At Ornamentum (Hudson, New York), Dutch artist Ruudt Peters' provocative jewellery is featured, which straddles the line between body adornment and object art. According to the artist, his ANIMA collection will be shown in an installation that connects the content of his work in a spatial context. "For my installation I have chosen the mirror, first of all, because it is an attribute of the feminine, of Venus. However, it is more than that. A reflection is also elusive, like that of Narcissus in the water, like the wax that solidifies in the water. With this, for me things come full circle," says Peters. According to the artist, fifteen round mirrors hang randomly in space on long steel rods. The jewellery is mounted on the mirrors, and their reflections produce a bewildering and poetic image.

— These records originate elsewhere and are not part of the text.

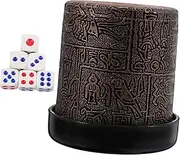 WESIEVYA 1 Set Dice Transport Cup with Base Pattern Dice Shaking Cup for Parties Bars Ktv Game Props for Family and Friends Enjoyment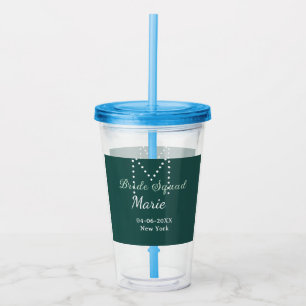 Brautgruppe Name Monogramm Brautjungfer Blau Acryltrinkbecher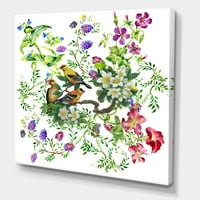 Тропски птици кои седат на цветно дрво за сликање на платно уметничко печатење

TAI Gallery (Santa Fe, New Mexico) will feature baskets by Japanese artist Ueno Masao. Gallerist Rob Coffland notes that the integrity of the bamboo is very important to how Masao thinks about his sculpture. Each strip of bamboo is numbered as it is split, then when sculpting with the bamboo he reconstructs the plant in that same order. He opens up the bamboo into a sculpture releasing it into a new form. TAI will also present bamboo artist Fujinuma Noboru who apprenticed with the respected bamboo basket maker Yagisawa Keizo. Coffland says that for half-a-dozen years, he struggled to execute his design ideas because he lacked confidence in his technique. This changed by 1992 when, his reputation growing, he received the Tokyo Governor's Prize at the 39th Traditional Craft Arts Exhibition. His winning piece was purchased by the National Museum of Modern Art in Tokyo.
Fujinuma Noboru muses, "For me, art is not just about the surface. It's something invisible that speaks to the viewer."
SOFA NEW YORK 2010:
Location: Park Avenue Armory // 643 Park Avenue at East 67th Street, New York City 10065
Subway: 6 Train to 68th Street/Hunter College; Bus: M101, M102, or M103 to Lexington Ave & 68th Street.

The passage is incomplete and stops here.